WHAT TO WORK ON -> Reproduce exactly only the lines from the line that holds "bathtub, designer toiletries, hair" to the line that holds "with the Best.", inclusive, in the listing below, and please leave out every picture.

EXERCISE DATA ->
-------------------------

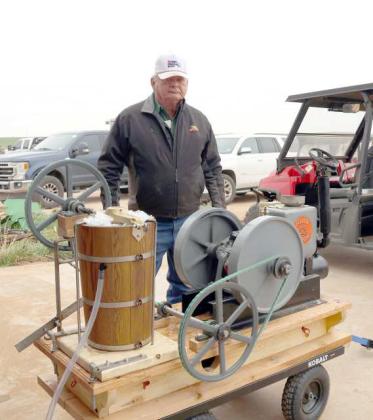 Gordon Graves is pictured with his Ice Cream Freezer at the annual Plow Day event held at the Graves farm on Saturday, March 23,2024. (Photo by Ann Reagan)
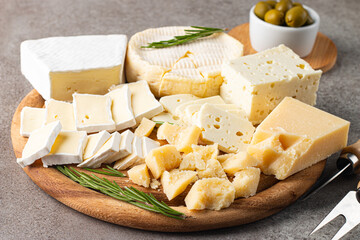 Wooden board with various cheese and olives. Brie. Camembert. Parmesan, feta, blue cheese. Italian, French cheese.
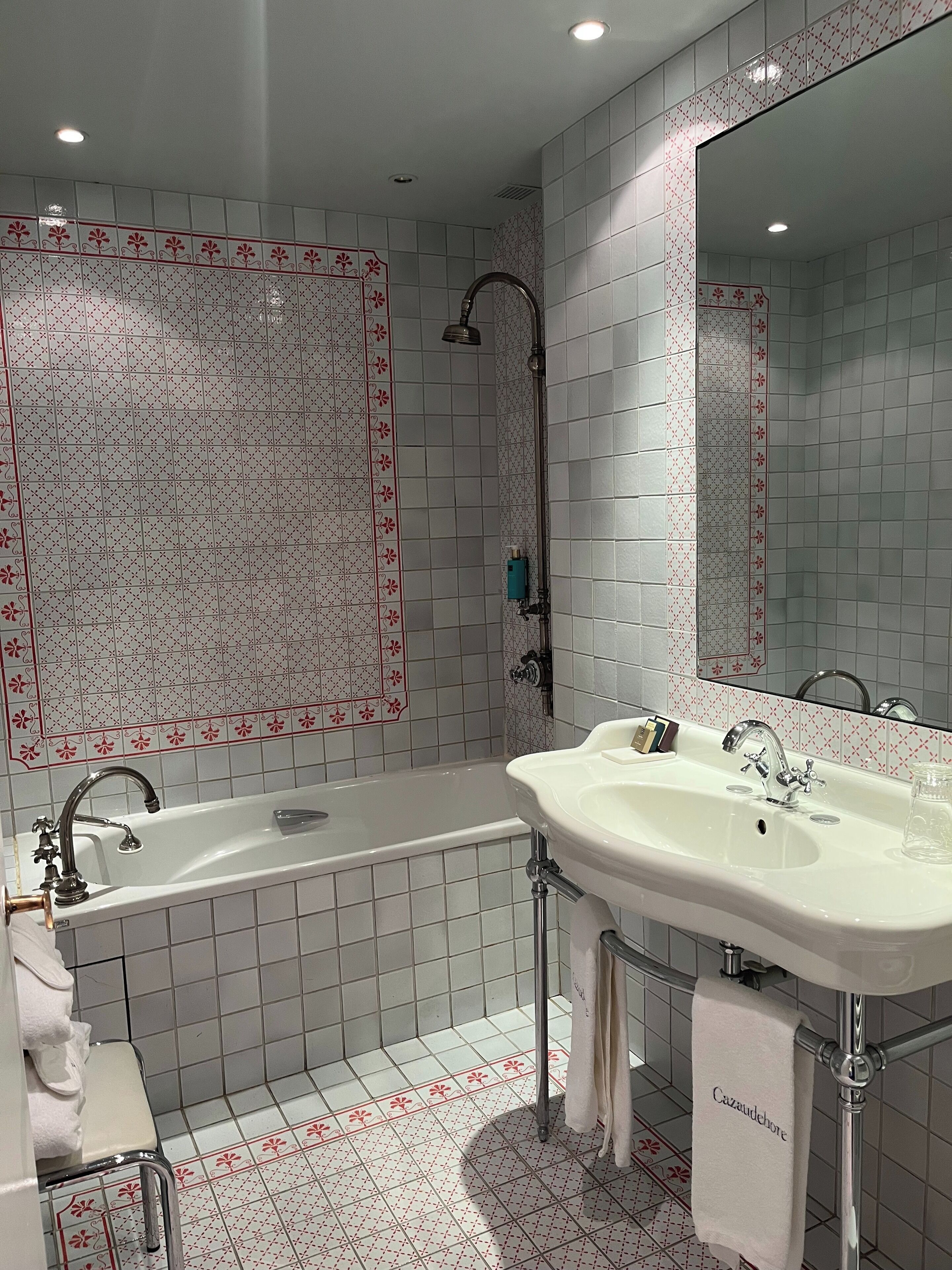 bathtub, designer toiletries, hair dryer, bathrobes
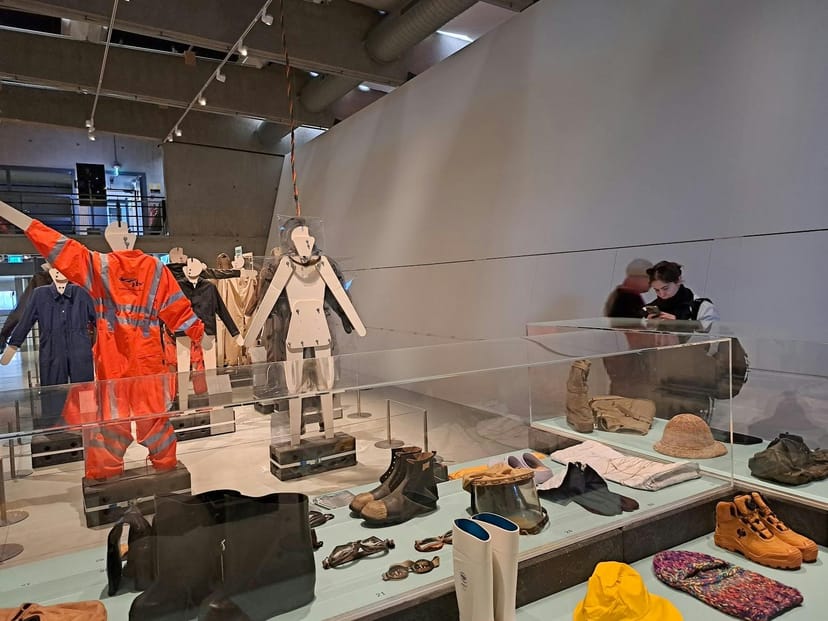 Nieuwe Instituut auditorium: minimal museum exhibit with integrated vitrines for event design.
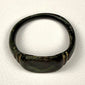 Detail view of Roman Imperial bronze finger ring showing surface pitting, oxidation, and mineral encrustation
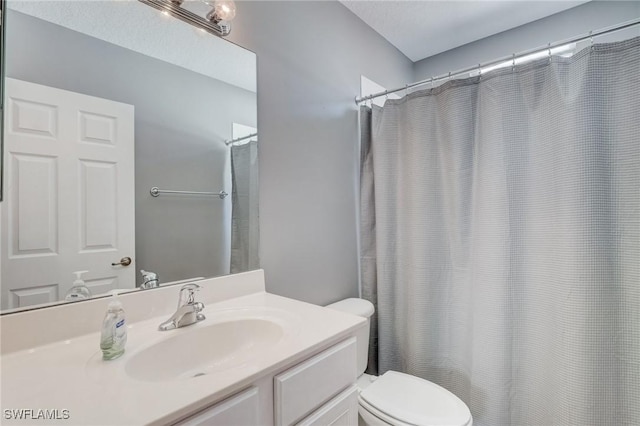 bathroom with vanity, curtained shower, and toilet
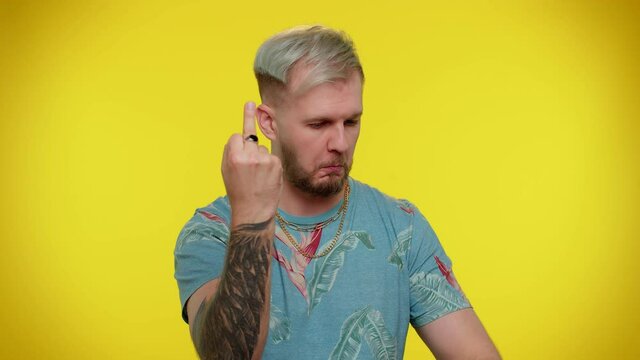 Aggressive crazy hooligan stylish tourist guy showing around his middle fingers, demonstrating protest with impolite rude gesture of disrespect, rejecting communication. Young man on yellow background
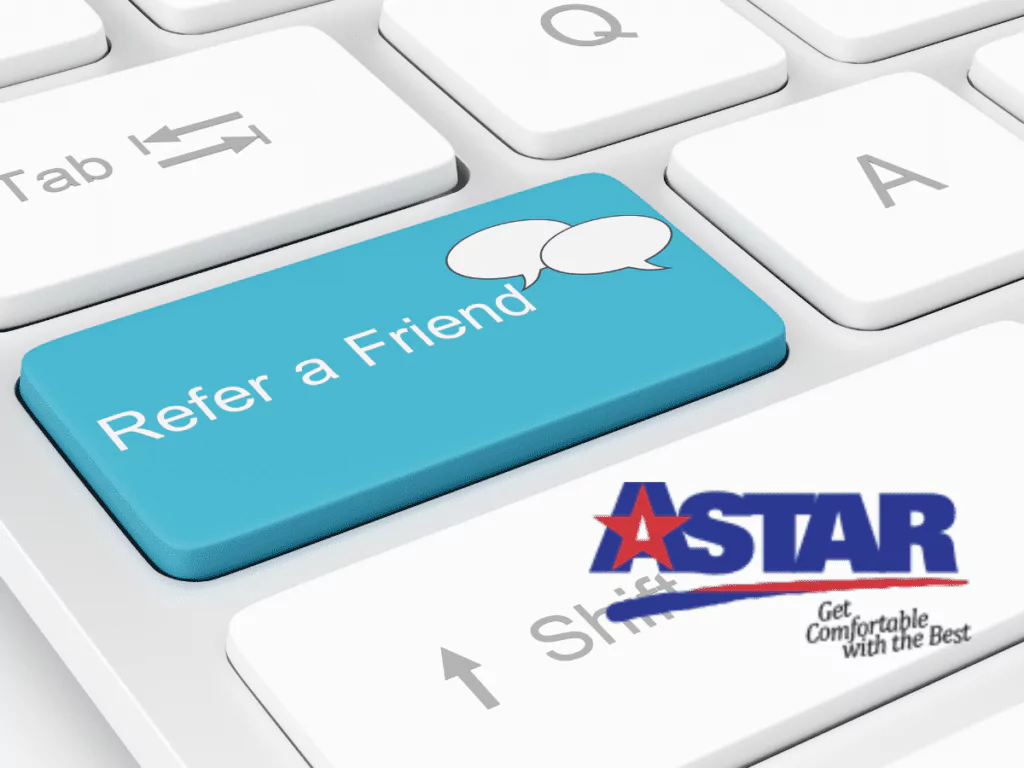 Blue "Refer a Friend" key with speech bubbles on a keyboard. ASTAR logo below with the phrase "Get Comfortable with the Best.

-------------------------

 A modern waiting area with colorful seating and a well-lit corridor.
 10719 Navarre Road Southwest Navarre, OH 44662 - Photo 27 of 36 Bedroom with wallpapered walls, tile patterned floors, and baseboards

-------------------------

RESULT BELOW ->
 bathtub, designer toiletries, hair dryer, bathrobes
 Nieuwe Instituut auditorium: minimal museum exhibit with integrated vitrines for event design.
 Detail view of Roman Imperial bronze finger ring showing surface pitting, oxidation, and mineral encrustation
 bathroom with vanity, curtained shower, and toilet
 Aggressive crazy hooligan stylish tourist guy showing around his middle fingers, demonstrating protest with impolite rude gesture of disrespect, rejecting communication. Young man on yellow background
 Blue "Refer a Friend" key with speech bubbles on a keyboard. ASTAR logo below with the phrase "Get Comfortable with the Best.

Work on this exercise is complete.